With a worldwide chip shortage hurting the supply of products ranging from home appliances to videogames, one analyst says now is the time to invest in semiconductor companies.

Citi Research analyst Christopher Danely points to a six-week drop in chip stocks to make his case; the PHLX Semiconductor index, or Sox, is down 10%. The index closed down 0.9% on Monday but has advanced 72% in the past year. The S&P 500 index rose 46%.

Falling notebook sales and smaller smartphone shipments, coupled with lower forecasts from several chip companies, have spooked the markets, Danely wrote in a research note on Monday. Instead, investors need to recognize that the signals aren’t negative for all semiconductor producers.

Danely’s top picks are

Micron Technology

(ticker: MU),

NXP Semiconductors

(NXPI), On Semiconductor (ON), and

Texas Instruments


NXP Semi, On Semi, and TI all sell chips that are used by auto makers, and probably will benefit from the ongoing shortage. The shortage has forced auto makers to scale back production and scramble to acquire as many chips as possible. Danely predicted the shortage of auto semiconductors will last through the second half of the year.

The auto and industrial market is about 24% of the total market for chips, according to Citi.

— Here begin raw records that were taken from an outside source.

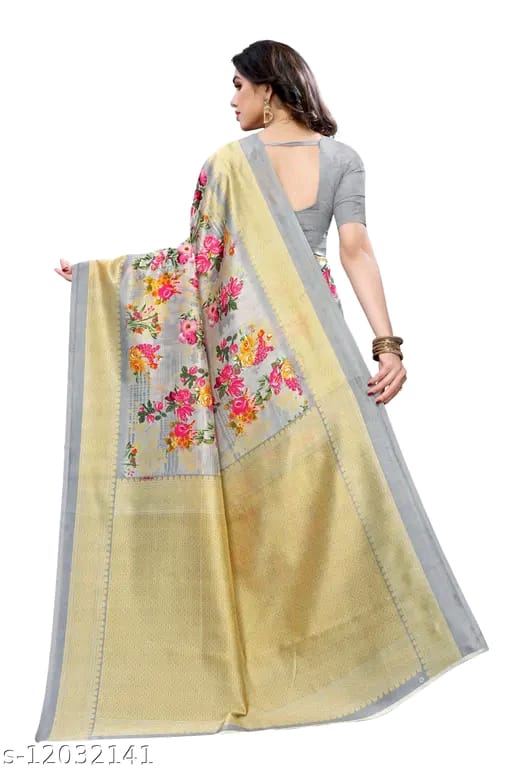 SM Women Khadi Silk Printed Saree with Running Blouse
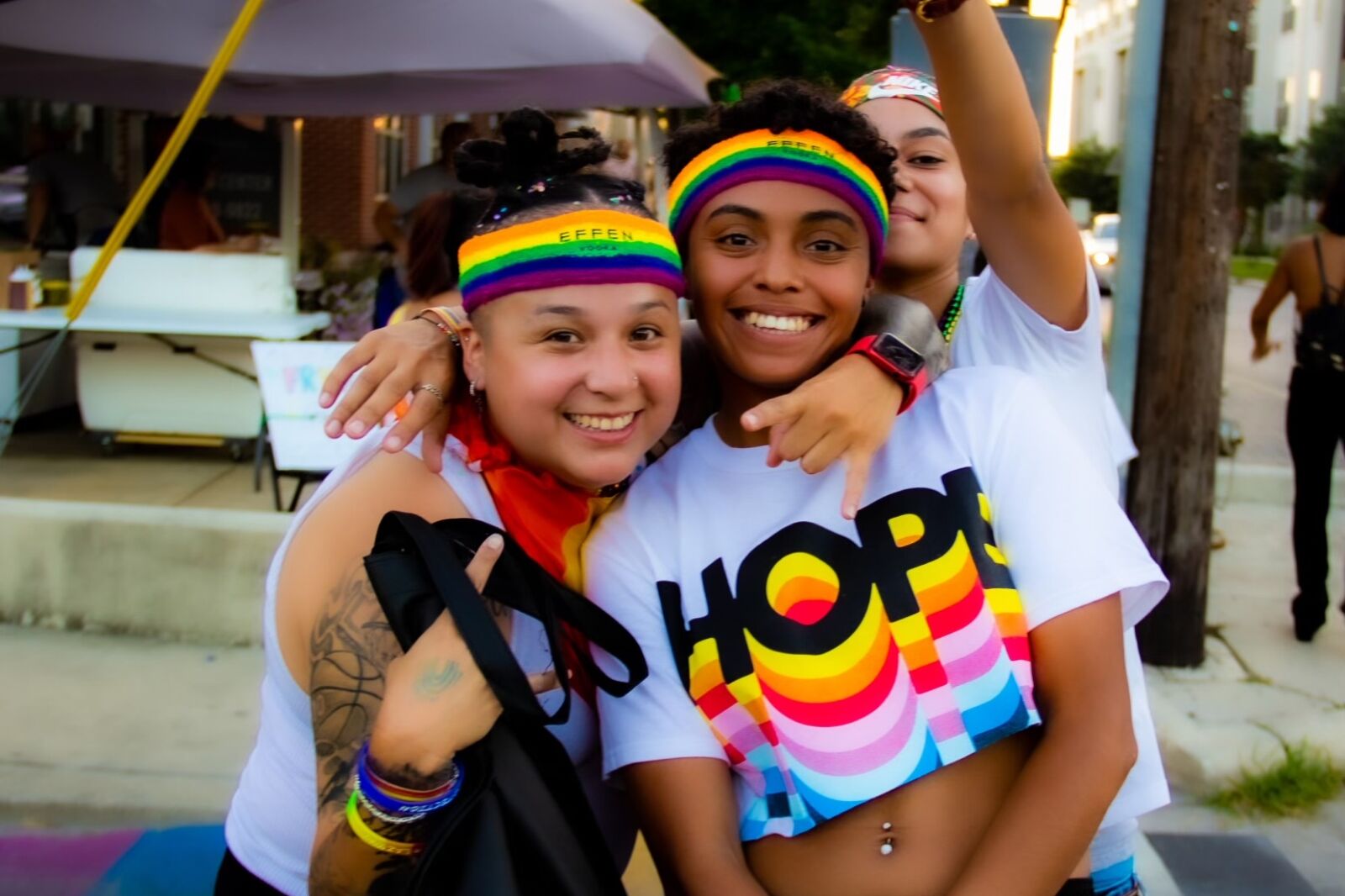 group of friends at Pride in gay San Antonio 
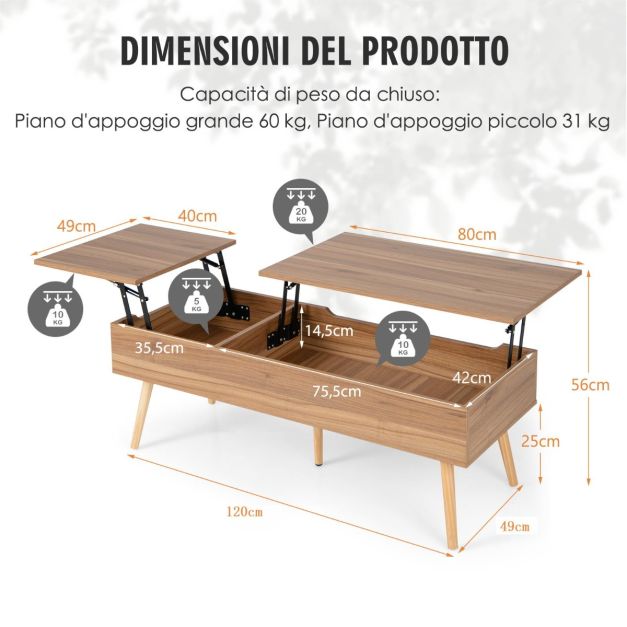 Tavolino Rotondo D&H FURNIMMT 50 Cm 2 Ripiani In Legno E Metallo, Marrone/nero, Per Piccoli Spazi - 6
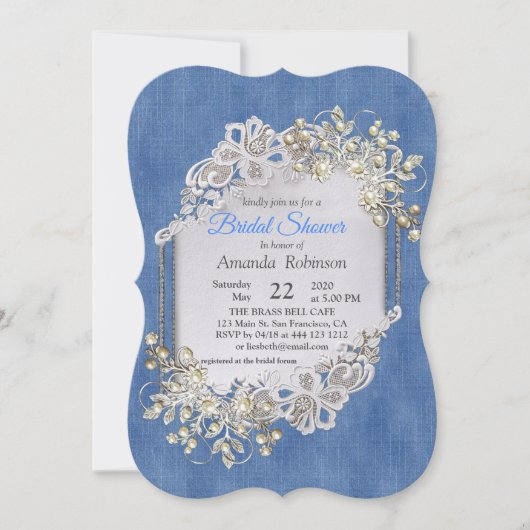 Blauer Denim, Spitze - Elfenbeinperlen Einladung (Vorderseite)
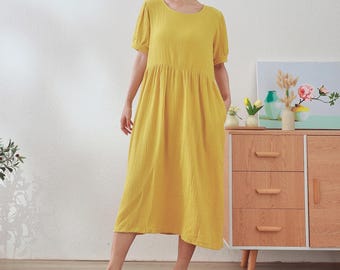 Muslin Organic Cotton Dress Summer Short Sleeve Midi Dress Soft Lightweight Gauze Homewear 100% Natural Cotton Dress Customized Plus Clothes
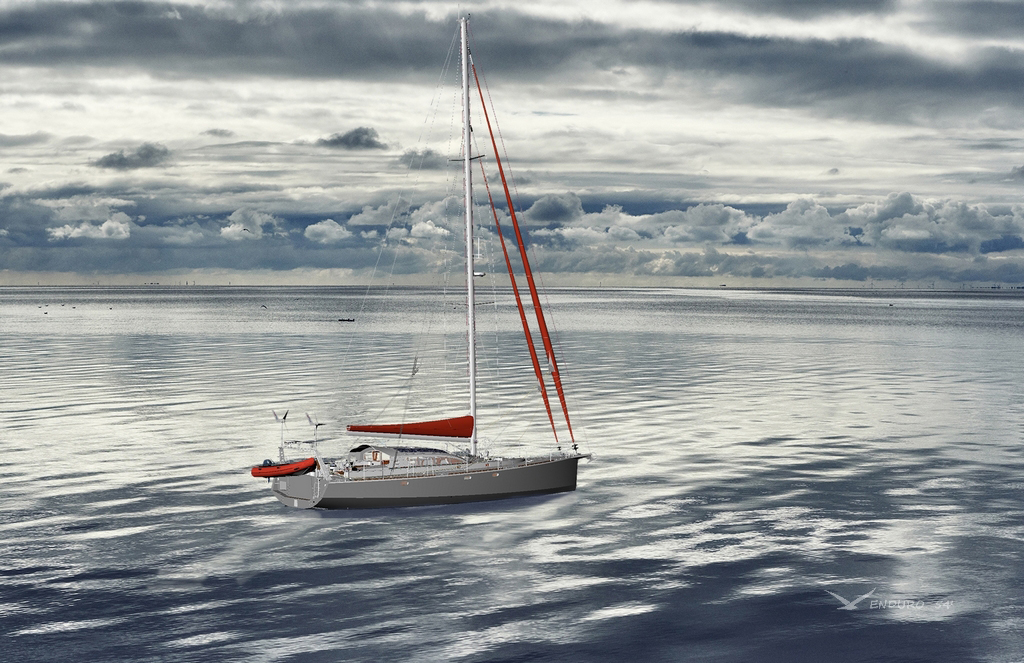 Dinghy on aluminum boat arch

NXP Semi is the most exposed, with 70% of its first-quarter revenue coming from automotive and industrial sales. The numbers for On Semi and Texas Instruments were 60% and 58%, respectively.

Despite slowing notebook sales, Danely wrote that it’s too early to downgrade the personal computer space. PCs make up a third of the market for semiconductors. He expects an uptick in enterprise PC purchasing—companies buying computers for their workers—in the second half of the year. Also, he argued that the single data point of slowing notebook sales doesn’t warrant a change.

Micron is the most divisive of Danely’s picks—the bank’s clients are divided on whether the memory chip maker is a strong name. Danely stands his ground, noting that memory demand continues to exceed supply, and inventory levels are in line with ones in the past. Memory prices also rose roughly 25% in April, compared with compared to March. That jump is the largest since 2017.

Danely has his eyes wide open, though. He expects investors to keep unloading semiconductor stocks until the second- and third-quarter pictures become clearer.